In this complex and emotionally resonant novel about a Métis girl living on the Canadian prairies, debut author Jen Ferguson serves up a powerful story about rage, secrets, and all the spectrums that make up a person—and the sweetness that can still live alongside the bitterest truth. A William C. Morris Award Honor Book and a Stonewall Award Honor Book!
Lou has enough confusion in front of her this summer. She’ll be working in her family’s ice-cream shack with her newly ex-boyfriend—whose kisses never made her feel desire, only discomfort—and her former best friend, King, who is back in their Canadian prairie town after disappearing three years ago without a word.
But when she gets a letter from her biological father—a man she hoped would stay behind bars for the rest of his life—Lou immediately knows that she cannot meet him, no matter how much he insists.
While King’s friendship makes Lou feel safer and warmer than she would have thought possible, when her family’s business comes under threat, she soon realizes that she can’t ignore her father forever.
The Heartdrum imprint centers a wide range of intertribal voices, visions, and stories while welcoming all young readers, with an emphasis on the present and future of Indian Country and on the strength of young Native heroes. In partnership with We Need Diverse Books.

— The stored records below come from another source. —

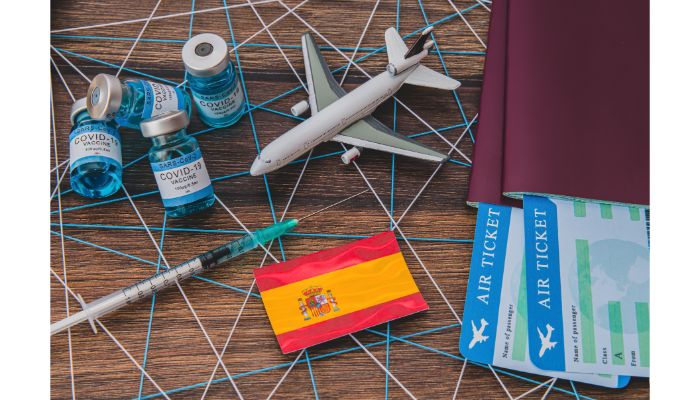 a toy airplane and passport with syringe and vaccine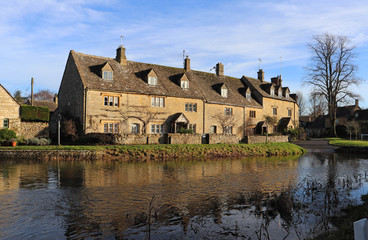 Naklejka na ściany i meble LOWER SLAUGHTER, UK - Picturesque Scene of Cottages in Lower Slaughter, Cotswolds, England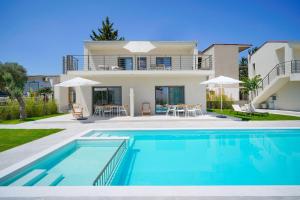 a villa with a swimming pool in front of a house at Filoxenia Luxury Apartments in Potos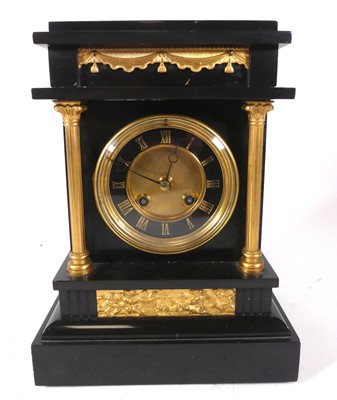 Lot 140 - A late Victorian polished black slate and gilt...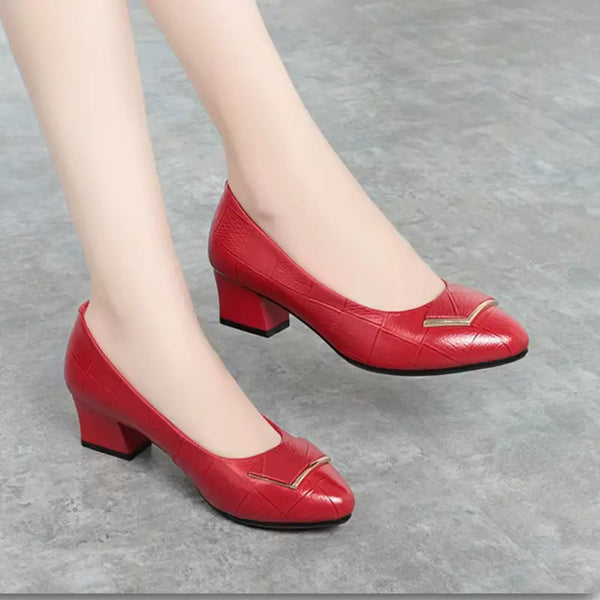 Red high-heeled shoes with a gold buckle on a gray background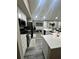 Open kitchen with granite countertops, a kitchen island, stainless steel appliances, and wood-look flooring at 153 Rockport Dr, Mcdonough, GA 30253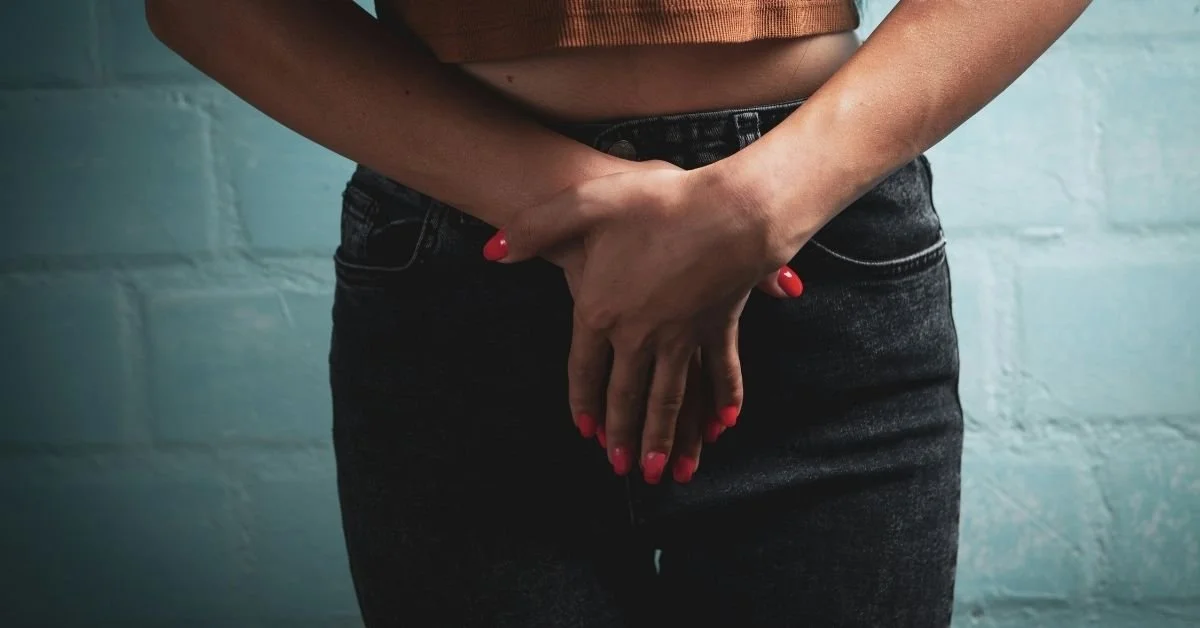 close up of woman's crotch, wearing black jeans, and her crossed hands over her crotch with painted red nails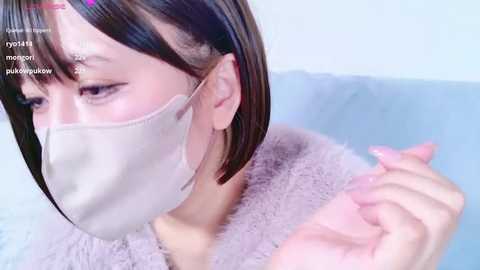 Media: Video of an East Asian woman with straight, shoulder-length brown hair, wearing a beige face mask and a fluffy, light pink robe. She is gently touching her face with her left hand. Background is a soft blue.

Ferguson's sweetly complex debut centers demisexual Métis Louisa "Lou" Norquay, 18, via an extended ice cream metaphor about life on the Canadian prairie. After Lou's mother leaves to sell her beadwork at powwows, Lou's white biological father is released from prison and returns, having served a sentence for the violent sexual assault of Lou's mother when she was 16. Lou has also just broken up with her aggressive white boyfriend Wyatt, with whom she still has to work at her uncles' ice cream shop. When her former best friend, King, also returns, her feelings for him initiate a realization that Lou "can't have sex with him. With anyone." And just when she thinks things can't get more difficult, her uncles' business ends up at risk, and her father's insistence on making contact takes an even more insidious turn. In a layered first-person portrayal of a young Indigenous woman navigating the edge of adulthood, Ferguson (who is Métis and white) tackles necessary issues—of identity and sexuality alongside colonialism, generational trauma, racism, physical and sexual assault, and substance reliance—through well-wrought, complicated characterizations and prose that sings with poetry: "Summer arrives to the prairies slow—and stays for such a short time." Ages 13–up.